[Image-text web data]
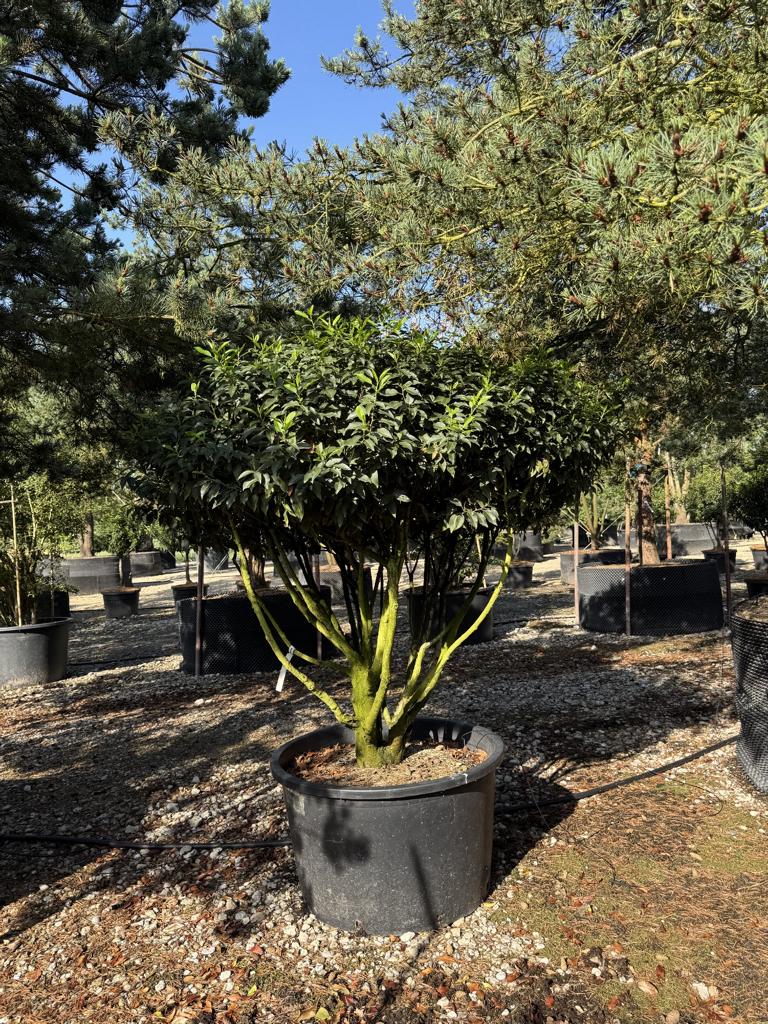 Prunus lusitanica 'Angustifolia' Dachform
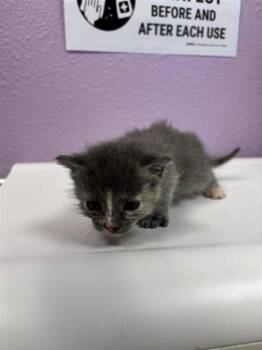 61324013 -  Domestic Short Hair Cat for Adoption in El Paso, Texas - 61324013 | PetCurious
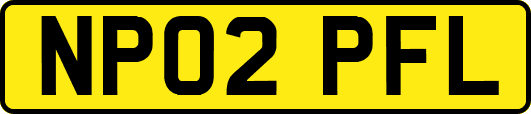 NP02PFL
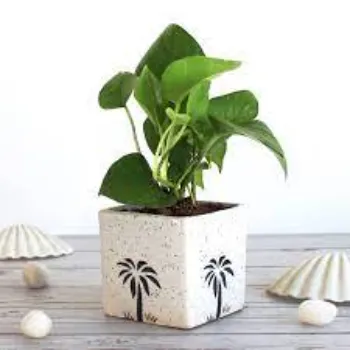 Money Plant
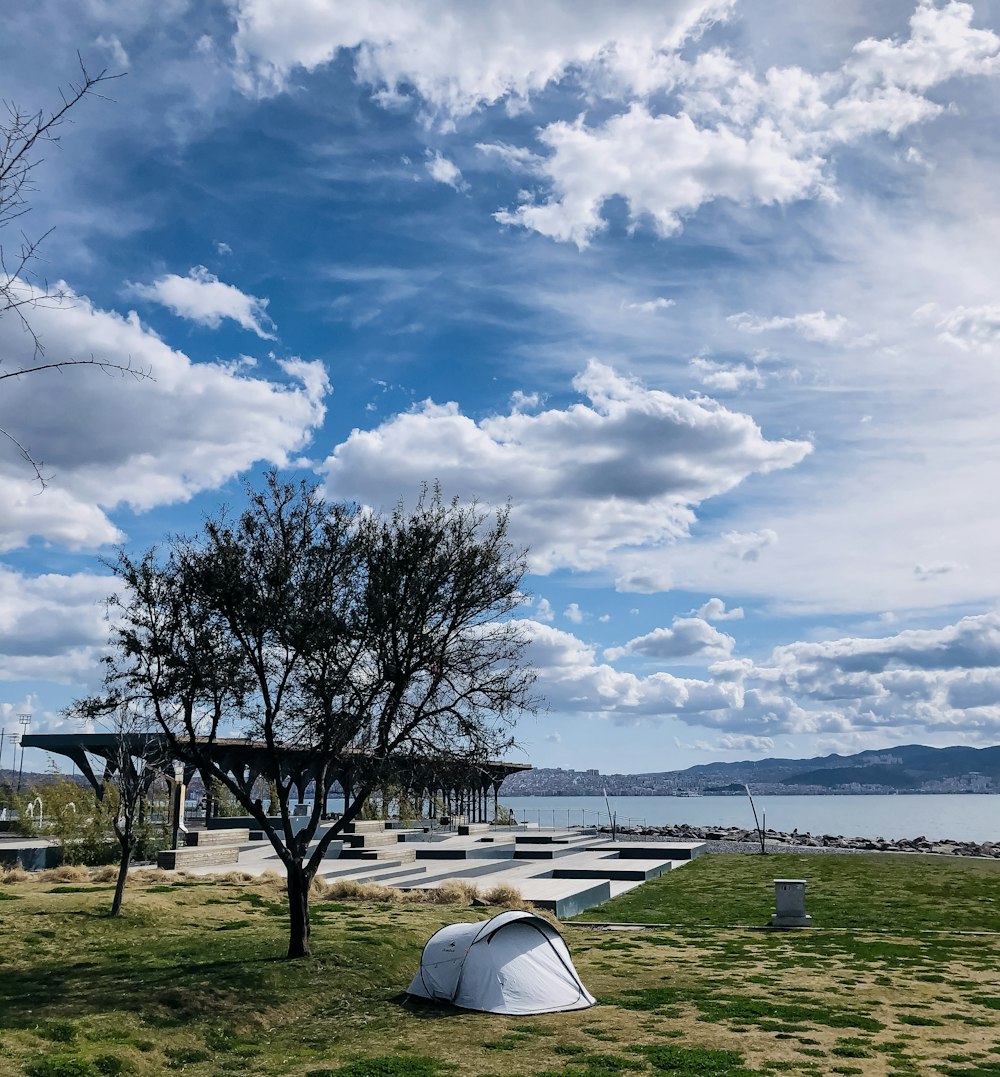 green grass field with trees and body of water under blue and white cloudy sky during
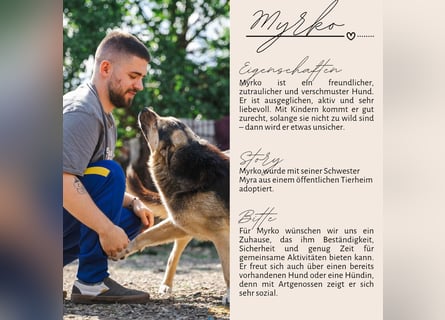 MYRKO sucht sein Zuhause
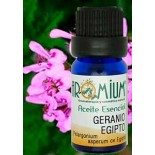 Aceite esencial Geranio Egipto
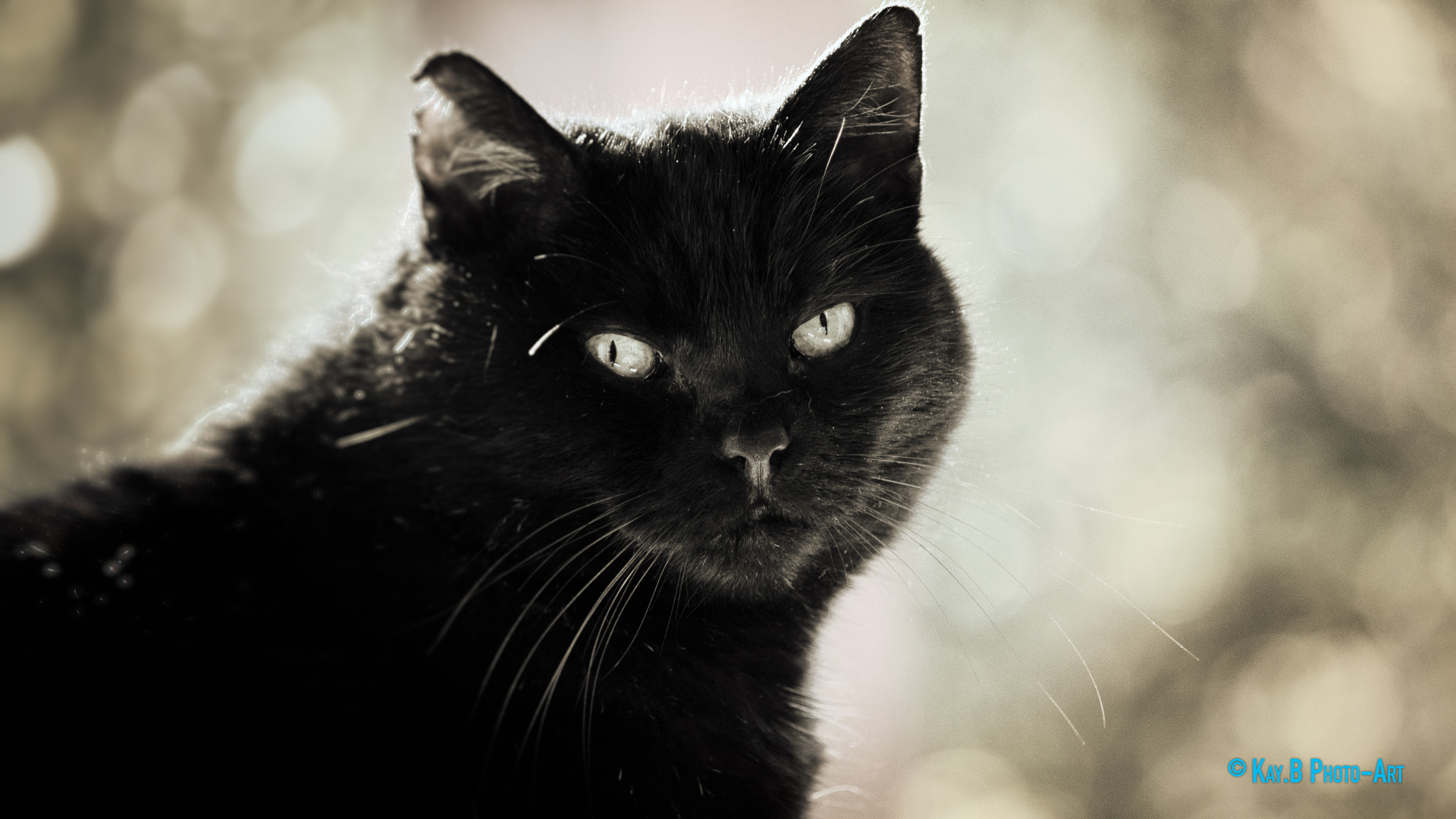Canon EF-S 55-250mm F4-5.6 IS II sample photo. Bearbeitet photography
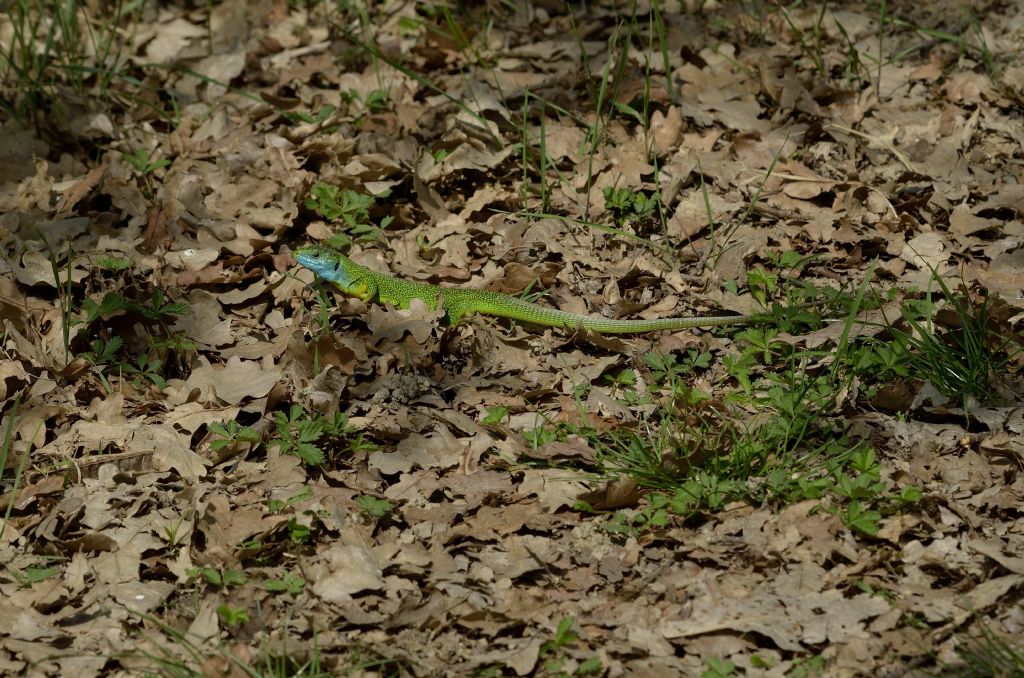 Ramarri (Lacerta bilineata) in abito riproduttivo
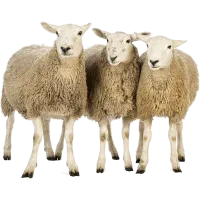 ده راس گوسفند ابستن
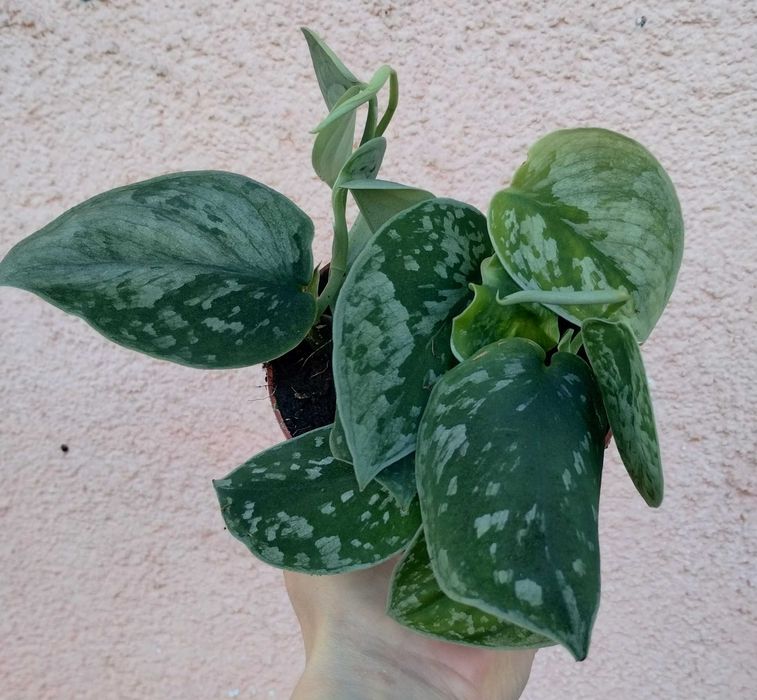 Scindapsus pictus Silvery Ann SADZONKA fi 11 / 10 cm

◆ Exercise objective: Without copying any images, transcribe the records exactly as they stand.

◆ Answer to the exercise:
 Prunus lusitanica 'Angustifolia' Dachform
 61324013 -  Domestic Short Hair Cat for Adoption in El Paso, Texas - 61324013 | PetCurious
 NP02PFL
 Money Plant
 green grass field with trees and body of water under blue and white cloudy sky during
 MYRKO sucht sein Zuhause
 Aceite esencial Geranio Egipto
Canon EF-S 55-250mm F4-5.6 IS II sample photo. Bearbeitet photography
 Ramarri (Lacerta bilineata) in abito riproduttivo
 ده راس گوسفند ابستن
 Scindapsus pictus Silvery Ann SADZONKA fi 11 / 10 cm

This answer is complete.